His mother, Suzanne, had filed to end visitation with his father, Joseph, avowing in an affidavit that her former husband had struck McCarthy in the face after the boy said he didn’t want to practice baseball at the batting cages.
Joseph McCarthy did not respond to repeated requests to comment for this story.
In a letter to the judge, Michael McCarthy asked for a restraining order against his father. “Please don’t make us go with Dad anymore,” he wrote in neat cursive.
Trouble started soon after. A few months later, McCarthy was arrested for assault with a dangerous weapon, according to probation records obtained by the Globe.
The first evidence of drugs in his life came in 2001, when he was arrested for allegedly trying to pick up someone else’s prescription for the painkiller Vicodin. The case was dismissed when McCarthy agreed to drug evaluation and treatment.
From 2005 through 2010, McCarthy was arrested 10 times, for charges including receipt of stolen property, larceny, shoplifting, and knowingly being in the presence of heroin.
Despite the toll that the drugs were taking on his life, his mother gave him cash to support his habit, a woman who grew up with McCarthy and used drugs with him said.
“He would have hundreds of dollars every day,” said the woman, who spoke on condition of anonymity. “His mother didn’t want him to be sick or steal.”
Around 2012 and 2013, McCarthy spent time in Braintree, neighbors there said, living in an apartment with his mother and his girlfriend on Weston Avenue.
He made few friends, and domestic disputes occasionally drew the police to the apartment, though McCarthy was never arrested.
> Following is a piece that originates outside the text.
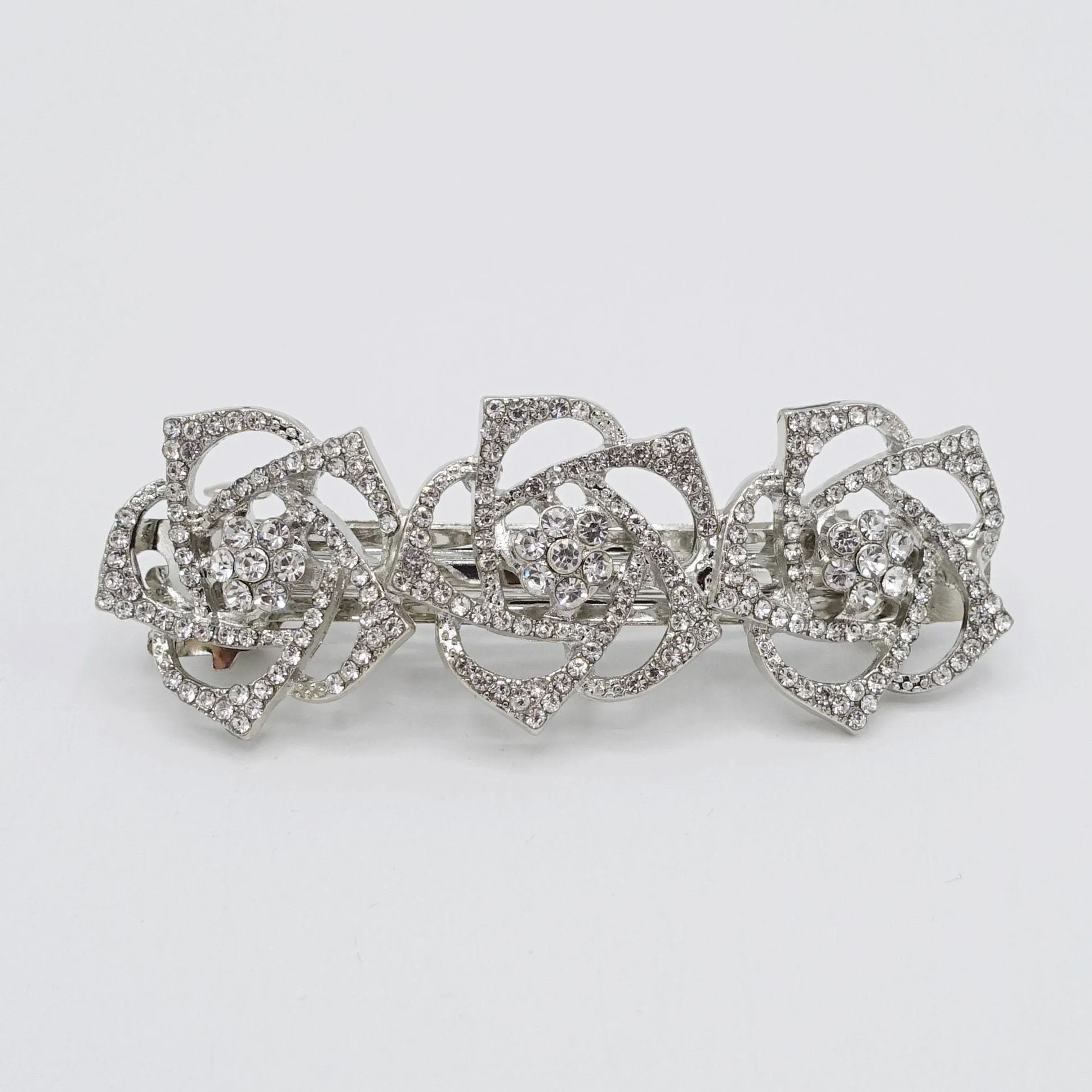 rhinestone flower hair barrette camellia hair accessory for women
The girlfriend’s sister, who spoke on the condition she not be named, said McCarthy beat the woman, and that she had seen bruises and a scar on the woman’s arms.
“He was very, very violent,” said Lightbody, who said she also saw the injuries McCarthy inflicted on the girlfriend.
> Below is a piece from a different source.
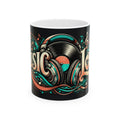 Ceramic Mug | Music Lover | Retro Vinyl & Headphones Coffee Cup (11oz/15oz)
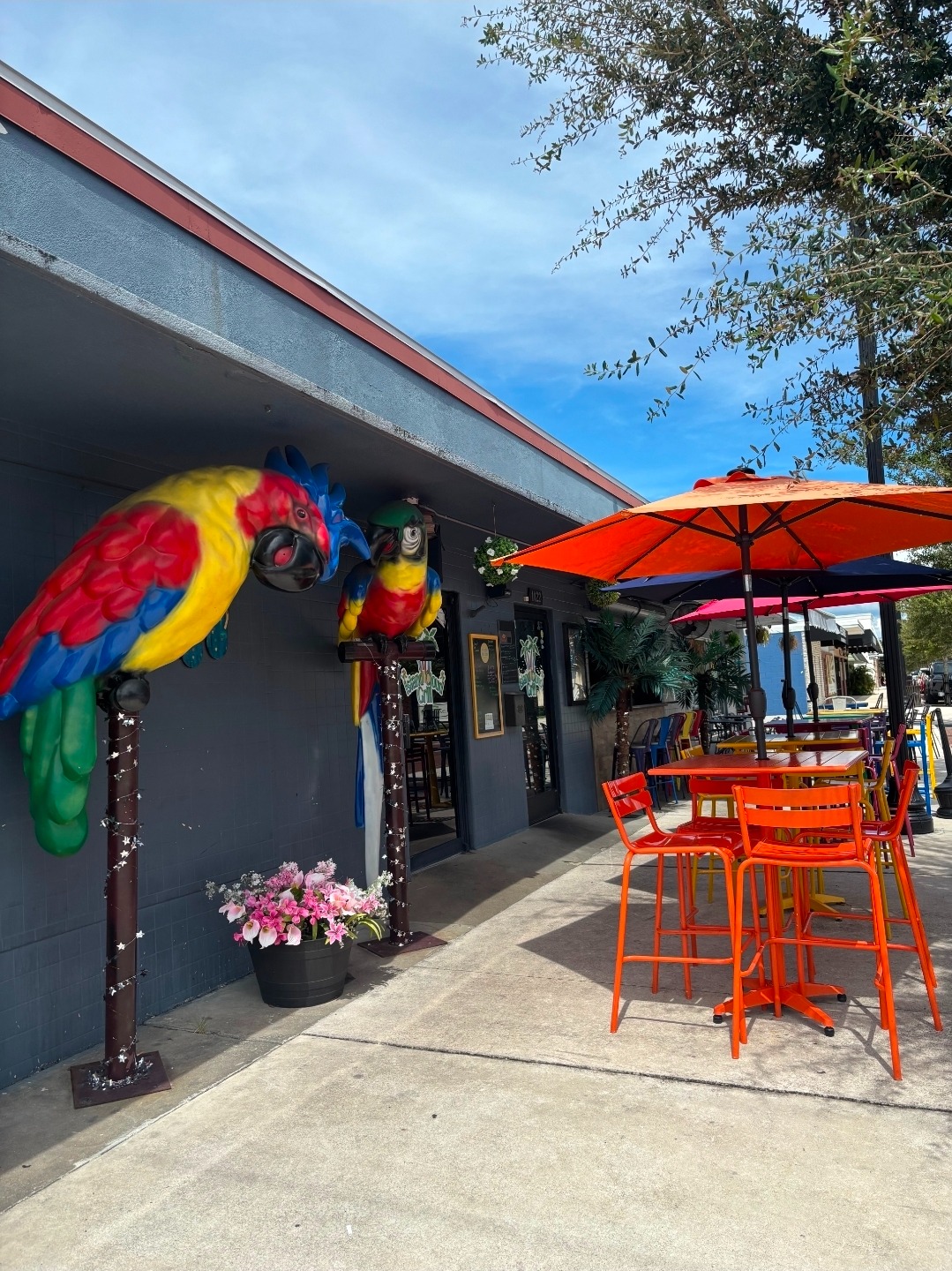 Colorful entrance and patio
In July 2013, McCarthy’s mother died, the death certificate listing the cause as “complications from chronic pulmonary disease and morbid obesity.”
McCarthy found her body, he wrote in an answer to an eviction complaint shortly afterward. She was his caretaker, he wrote, and he had to “run threw” her bedroom door to get to her body.
He was eventually evicted from the Braintree apartment, to the relief of neighbors.
In August 2014, he and his then-girlfriend moved in with McMahon, who said he finally kicked them both out this winter. They stayed briefly at his father’s Hancock Street plumbing shop. The girlfriend left him.
He grew his hair long, but started haphazardly shaving the dog. He was a fixture around the Topeka Street methadone clinic, slinking in on mornings he couldn’t afford heroin.
“I used to call him the dog boy,” said one man who also frequented the clinic. “He said he was a psychic reader or something,” the man said. “Like he could tell what was going to happen to people.”
Sometime this spring, he moved in with a woman who was a regular at the methadone clinic around the corner.
Her name was Rachelle Bond, and she had a little girl.